Rawan and Samah have so much in common. They’re about the same age. They’re both loving, dedicated mothers. They live in the same city – Mafraq, in northern Jordan, just a short drive from the Syrian border. They share similar responsibilities, joys, and struggles in their daily lives. But one, crucial difference sets them a world apart.

Rawan is Jordanian; she has lived in Mafraq her entire life. Samah is Syrian; she and her family relocated in the city after fleeing the devastation and brutality of a ruthless civil war. Just like her, more than one million Syrian refugees found shelter in Jordan over the past six years. In today’s Jordan, the Syrian refugees struggle to integrate into society, while mistrust and rumors inform the way each group sees the other.

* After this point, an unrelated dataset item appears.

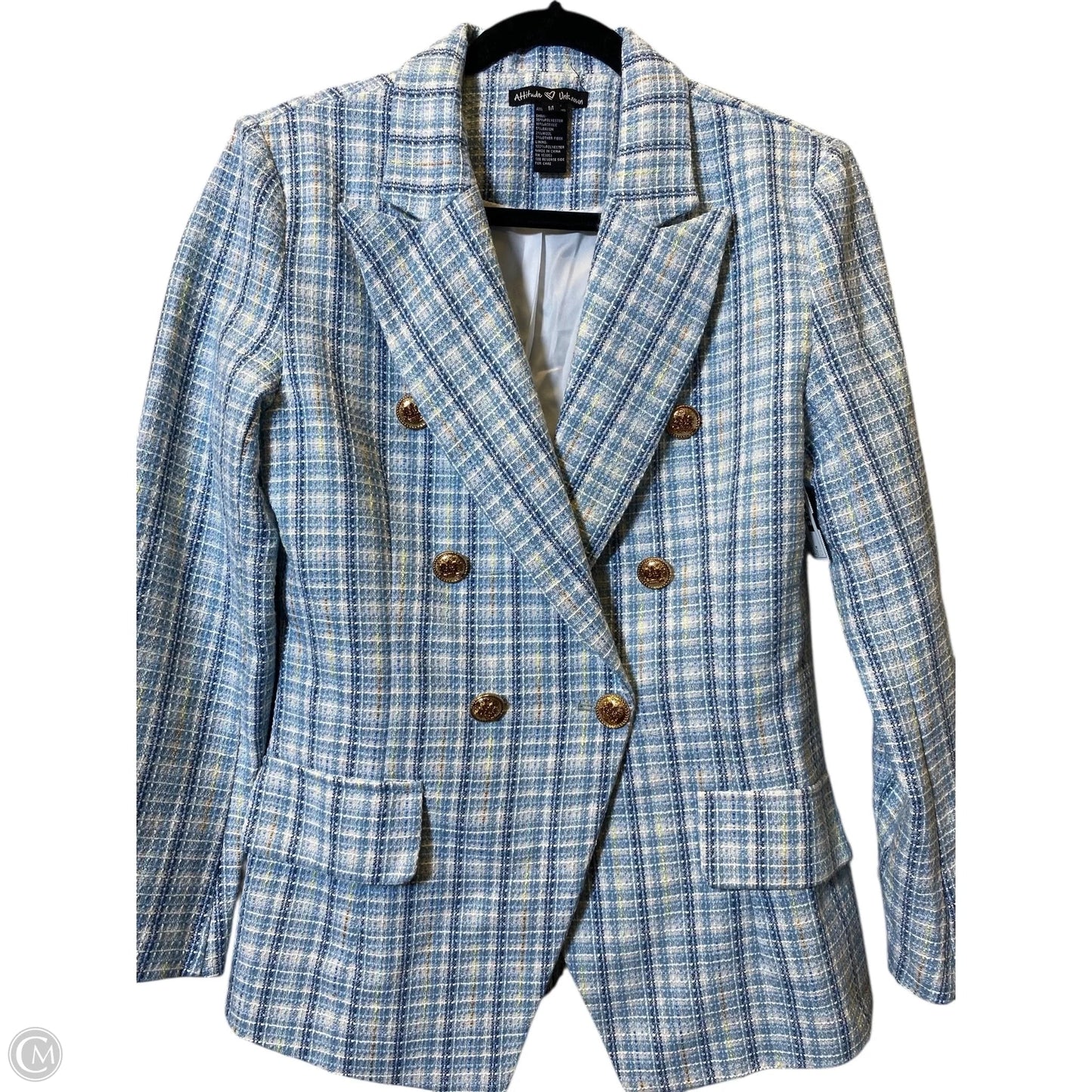 Blazer By Attitude In Multi-colored, Size: M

The daily routine of Syrians and Jordanians doesn’t offer many chances to break through the barrier of diffidence either. Rawan and Samah’s daughters know that all too well. Lana, Jordanian, goes to school in the morning, while Hanan attends classes during the afternoon with her Syrian peers. They frequent the same building, use the same equipment, hang out in the same spaces, but never see each other. In fact, most schools across Jordan have introduced double-shift schedules in order to guarantee access for all students, but in a way that keeps the two groups separated, preventing them from building the positive relationships and cohesion that Jordanian society needs.

Had it not been for our newly established Jordan team, Lana and Hanan wouldn’t have become best friends.

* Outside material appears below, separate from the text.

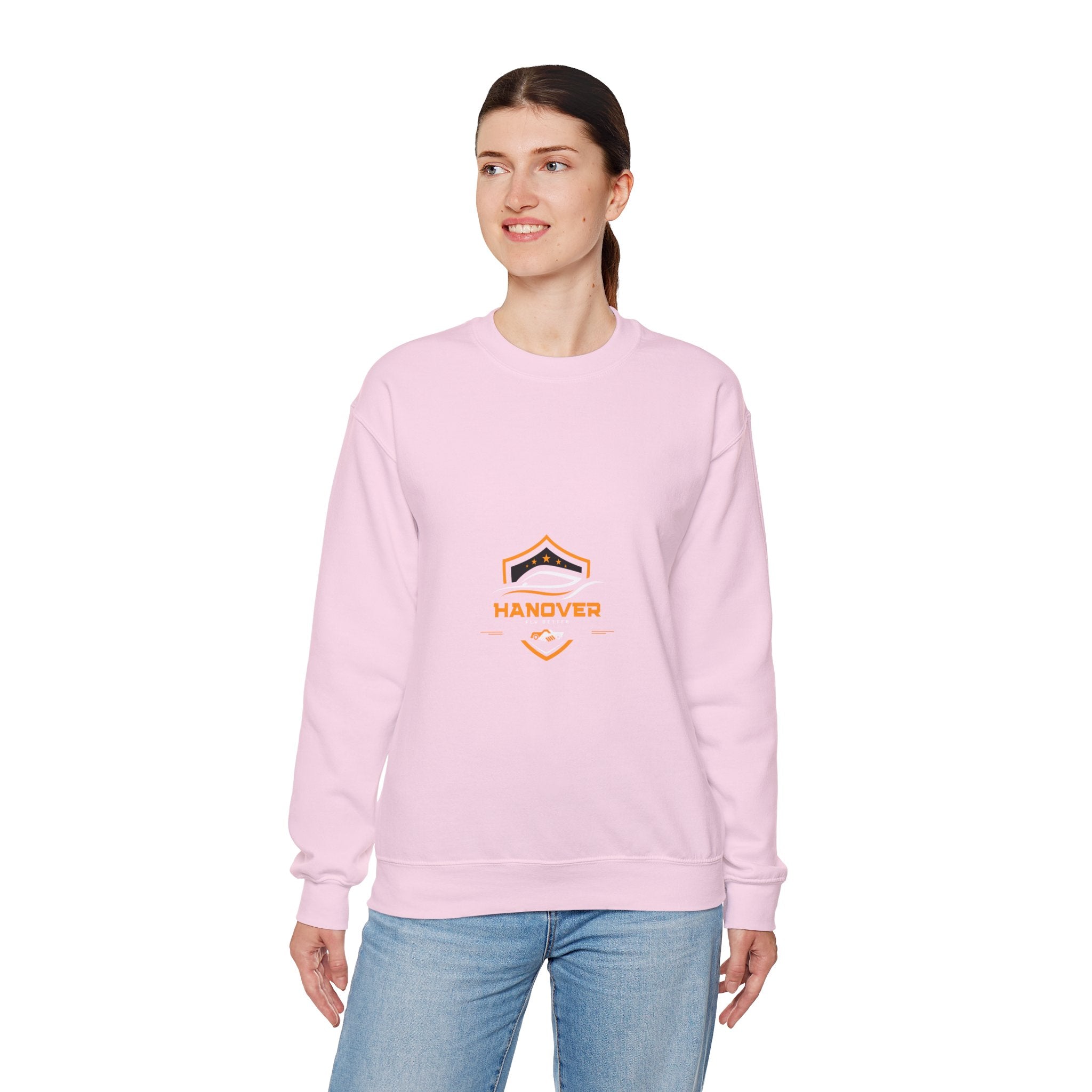 SABAS-Hanover Crewneck Sweatshirt — Vintage Shield Logo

They met at our three-day sports camp, an initiative carried out in partnership with the Asian Football Development Project and the Jordanian Football Association as part of the project Empowering Girls and Building Social Cohesion through Sports and Physical Education, funded by UN Women. There, along with 88 more Syrian and Jordanian girls, they played soccer in mixed teams, learned nonviolent communication, and started bonding. At the end of the three days, when we tasked the students with designing their own activities to promote social cohesion, Lana and Hanan expressed their desire to be assigned to the same group.

In the following weeks, as they worked together on our assignment, they developed their friendship in the context of everyday life. That’s when their mothers, Rawan and Samah, first met.

The moms had to overcome even greater obstacles. Jordanian women often complain that Syrian women are “stealing their husbands,” fueling the already existing tensions between the refugees and the host community. The origin of this rumor goes back to the economic consequences of the refugee crisis. Possibly due to the economic burden on the displaced families, the dowry on Syrian women has significantly decreased. As a consequence, many Jordanian men married Syrian women as their second wives, in some cases without the permission of the first wife. The phenomenon generated negative stereotypes around Syrian women, especially in the eyes of local women, reinforcing intolerance and division.

As they accompanied their daughters to their meetings, Rawan and Samah warmed up to each other. They started talking, discovering that what they shared was much more than what divided them. Slowly but surely, they shed social tensions, overcame the stereotypes, and began to see each other as parents and friends.

Today, a month after the end of the project, Rawan and Samah visit each other regularly. Their friendship, along with the friendships between the girls that attended the soccer camps, is an example for the entire community. Together, the two mothers are showing the people of Mafraq that a society where Syrians and Jordanians live in harmony is possible.

There is still a lot of work to do, and relations between the two groups won’t change overnight. But it’s by sowing the seeds of mutual understanding and coexistence that the barriers keeping people apart will crumble. As we continue to work towards the goal of a united society, those barriers are showing the first, promising breaches.